Sono semi di speranza in un Paese, l’Etiopia, in cui il divario sociale formatosi negli ultimi anni, è sempre più marcato e dove una grande fascia di popolazione non ha accesso a nessun servizio, perché troppo povera. La situazione è ancor peggiore se sei donna, in un Paese dove si respira forte la differenza tribale e il maschilismo.
Il commercio arrivato negli ultimi anni sta continuando il suo sviluppo, allargando sempre di più la forbice tra chi lavora e chi invece non ha nulla.
Il governo sta lavorando sulla viabilità, costruendo arterie enormi che tagliano città e villaggi senza rispettare le proprietà private, dal momento che in Etiopia tutto appartiene allo stato. Attraversando i centri abitati, si vedono case abbattute o tagliate a metà, per fare spazio alla nuova strada. Chi ha subito il danno non riceve nessun contributo, ha solo la possibilità di costruire una nuova abitazione su un altro terreno. Se ce la fa!
L’inflazione è altissima e la moneta locale, il Biir, è ormai carta straccia. I poveri non hanno più potere d’acquisto, tanto che le strade sono piene di bambini e bambine dai 5 anni in su, scappati da casa perché non sanno che cosa mangiare e si riversano sulle strade per cercare fortuna.
Un tempo le bambine non si vedevano, perché molte erano promesse spose e a 8 – 10 anni andavano già a casa del futuro marito, cominciando a procreare anche a 12 anni. Avevano un futuro già scritto, ora si ritrovano anche loro insieme ai maschi a formare piccoli gruppi nei quali risulta fondamentale avere una bottiglia di plastica con dentro benzina o colla da respirare per vincere il senso di fame e di freddo durante la notte.

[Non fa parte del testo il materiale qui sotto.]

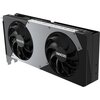 Karta graficzna INNO3D GeForce RTX 5060 Ti Twin X2 OC 16GB DLSS 4 Technika upscalingu Nvidia DLSS 4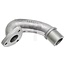 GRANIT Exhaust manifold upper Massey Ferguson MF 135, MF 148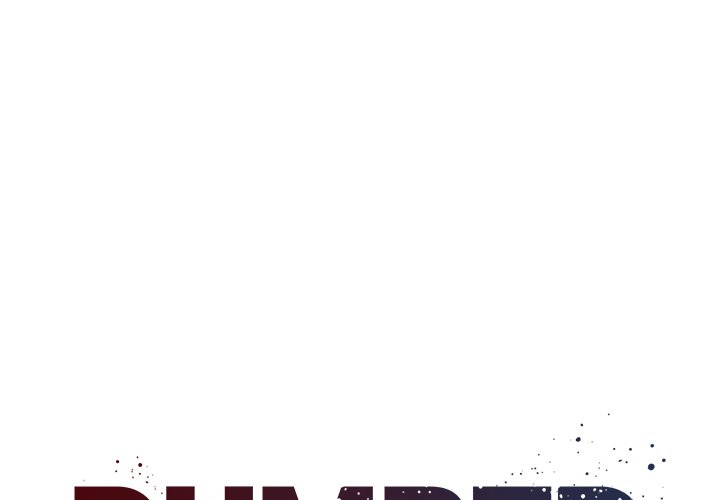 Dumped Chapter 51 Page 1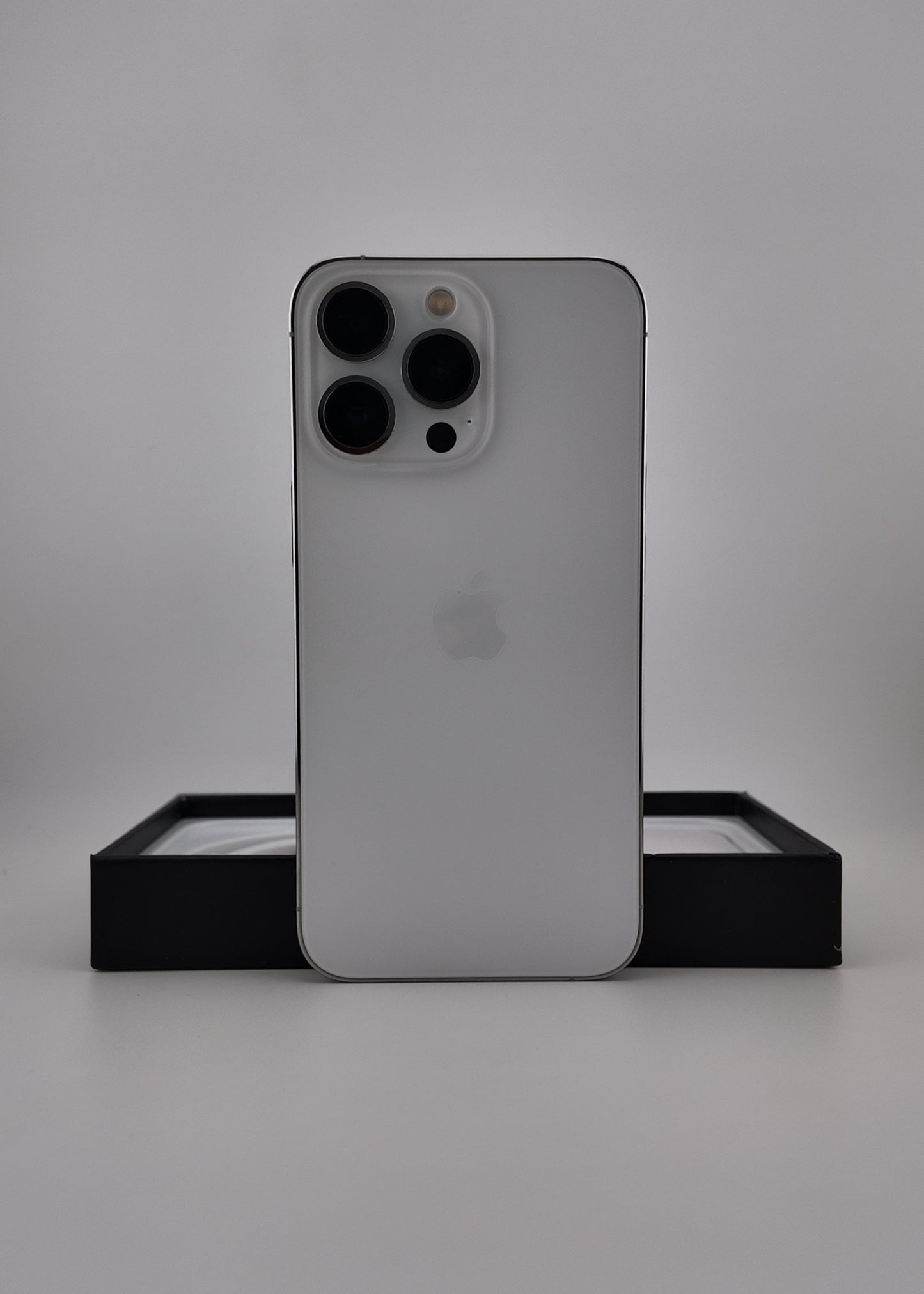 IPHONE 13 PRO / SILVER / 128GB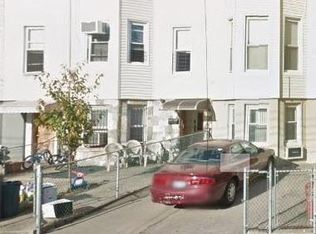 1233 41st St, Brooklyn, NY 11218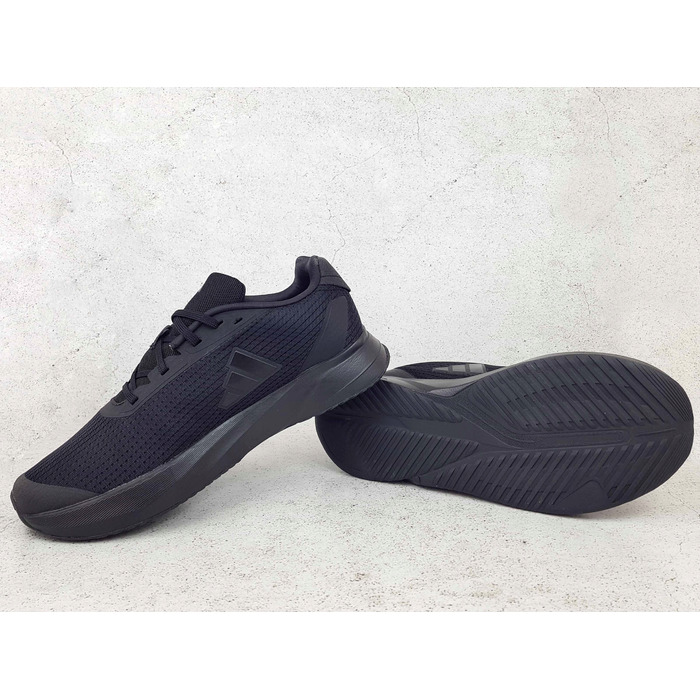 Кросівки для бігу adidas Duramo SL, р. 37 1/3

In questa nuova pesante realtà, i volontari GAOM delle due spedizioni avvenute nel mese di gennaio, hanno cercato di dare sviluppo ai tre progetti dell’associazione: Casa Famiglia, Mariam ed Extra Food.
Un lavoro intenso e di intense relazioni. In Casa Famiglia è stata realizzata una nuova ala del dormitorio dei bambini piccoli, così da avere maggiore spazio. E’ stato ampliato anche il magazzino dei laboratori di Arti e Mestieri, con l’intento di dare maggiore sviluppo tecnico e formare figure professionali. Soprattutto dopo che il governo, nel fare i suoi periodici controlli, ha rilasciato la certificazione dei laboratori e del negozietto in cui i ragazzi vendono i loro prodotti.
Il Progetto Mariam sta accompagnando 31 giovani nel proprio percorso formativo e professionale e si sta strutturando sempre di più.
Soprattutto, diventa fondamentale offrire ai giovani una formazione anche dal punto di vista umano e sociale. L’Etiopia è inserita nel progetto internazionale del Talità Kum, contro lo sfruttamento degli esseri umani. Per questo motivo sono state inserite nuove figure locali all’interno dei progetti, con l’intento che siano guide sicure.
Il Progetto Extra Food ha dato sostegno come sempre, alle mamme con i bambini più poveri della slum, fornendo assistenza sanitaria e scorte alimentari. Quest’anno le mamme inserite nel progetto sono diminuite sensibilmente e i bambini sono apparsi meno denutriti. Probabilmente questo è dovuto al fatto che negli ultimi due anni le piogge sono state abbondanti e i raccolti non sono mancati. Rimangono però presenti varie forme di malattie e infezioni. Tra i bambini inseriti nel progetto, sono molti coloro che aspettano di poter entrare in Casa Famiglia, perché provenienti da famiglie molto povere.
Molto importanti sono stati anche gli interventi di manutenzione effettuati presso le varie missioni, anche quelle della regione del Wollaita dalle suore di sant’Anna.
Questi progetti sono fondamentali per molti bambini e giovani, ma soprattutto sono segni che anche qui, in Etiopia, è possibile sperare e sognare. L’importante è condividere.